Neuroinflammation may be involved in ME/CFS, but the neuroimmunoendocrine interactions are still unknown. Mast cells (MC) act as sensors of environmental and psychological stress and have been implicated in all diseases that are comorbid with ME/CFS. There are increased skin MC in patients with ME/CFS, and such patients also show increased skin hypersensitivity. Moreover, there is hyper-responsiveness in the bronchi of ME/CFS patients, implying MC activation. A recent study reported a strong association of atopy with ME/CFS, especially with severity of symptoms. Another recent study showed increased circulating MC precursors in the blood of ME/CFS patients. MC are located perivascularly in close proximity to neurons, especially in the hypothalamus, where they can be stimulated by CRH and act as sensors of environmental and psychological stress, secreting danger signals. Many ME/CFS patients demonstrate abnormal hypothalamic-pituitary-adrenal (HPA) axis activity and stress worsens most symptoms. The neuropeptides corticotropin-releasing hormone (CRH), neurotensin (NT) and substance P (SP) are secreted under stress and can stimulate MC to release mediators that could contribute to ME/CFS symptoms directly or via activation of microglia. We reported that CRH, SP and the SP-structurally related peptide hemokinin-1 (HK-1), as well as the inflammatory cytokines IL-6 and TNF, were significantly elevated in the serum of FMS patients compared with healthy controls, implicating neuroinflammation.
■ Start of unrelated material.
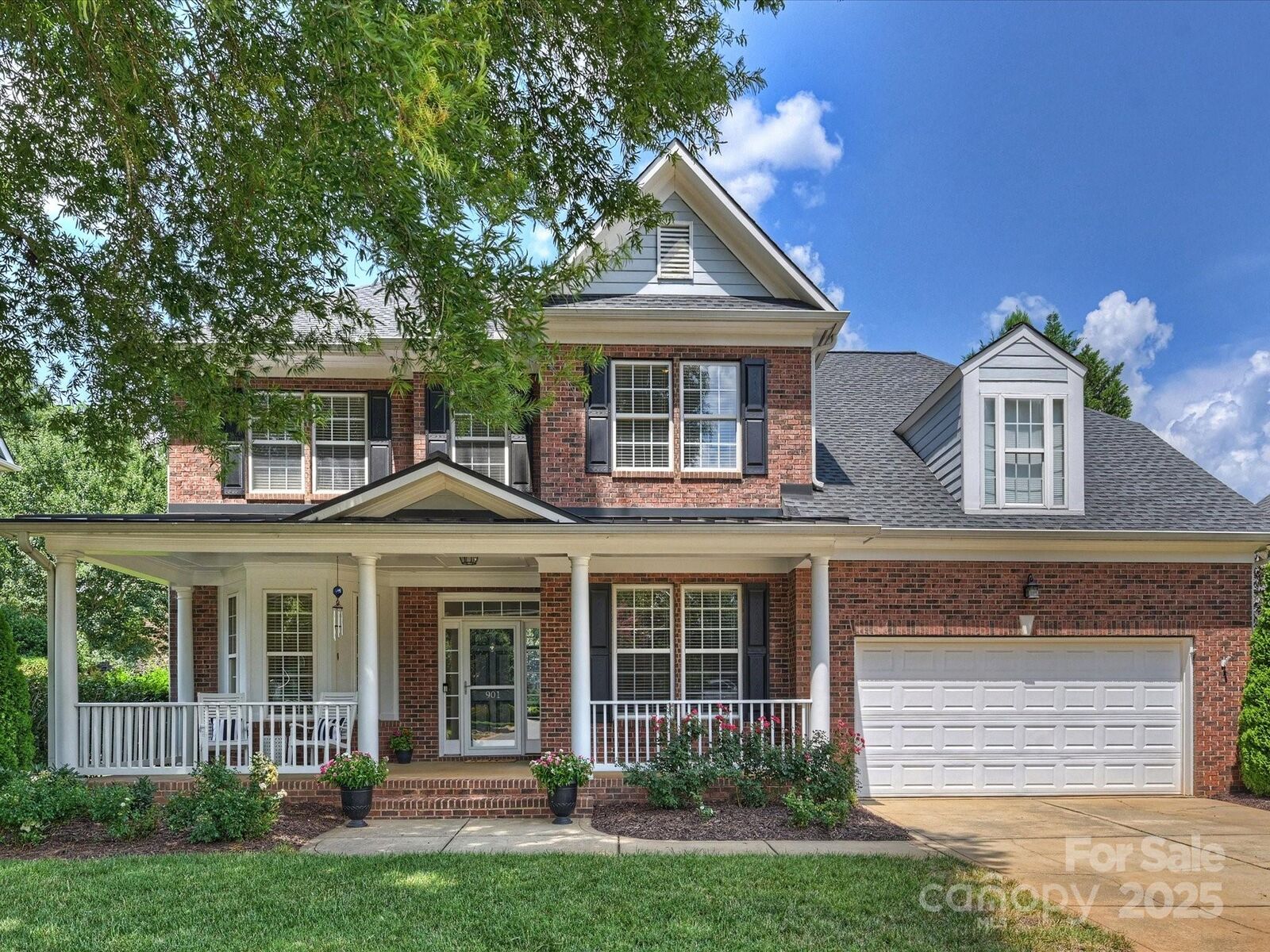 Property Photo:  901 Deercross Lane  NC 28173 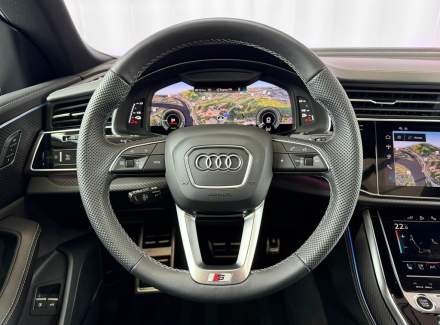 Audi - Q8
Stimulation and proliferation of microglia is considered important for innate immunity of the brain and in the pathogenesis of neuroinflammatory diseases. Microglia express NT receptors, CRH receptors, as well as Toll-like receptors (TLRs). We previously showed that NT stimulates human cultured microglia to release the proinflammatory cytokine IL-1β and the chemokines IL-8, CCL2 and CCL5, molecules that could contribute to local inflammation in the hypothalamus. We also showed that a viral-like trigger, administered together with acute forced swim stress, decreased locomotor activity and increased inflammatory molecule expression in the brain and skin of C57BL/C female mice, with accompanying increased levels in the serum of TNF, IL-6, KC (Cxcl1, IL-8 murine homolog), as well as the chemokines CCL2, CCL4 and CCL5. Microglia interactions with MC are now considered important in inflammation of the brain. Stimulated MC could secrete a number of mediators that could contribute to the pathogenesis of ME/CFS. These include chemokines and cytokines, as well as CRH, NT, SP and mitochondrial DNA (mtDNA), which could act as an “innate pathogen” leading to a localized auto-inflammatory response in the hypothalamus. Extracellular mtDNA could be protected from degradation if it were to be transported inside extracellular vesicles (EVs) that are secreted in blood or other biological fluids by diverse cell types, including MC, and could cross the blood-brain-barrier or reach the brain through lymphatics. EVs are generated from the plasma membrane and can be isolated from serum, plasma, urine and other biological fluids. EVs have been shown to contain RNA, DNA, lipids or proteins that are delivered to other cell types, and have been implicated in autoimmune and brain disorders; however, their presence in ME/CFS has not been investigated.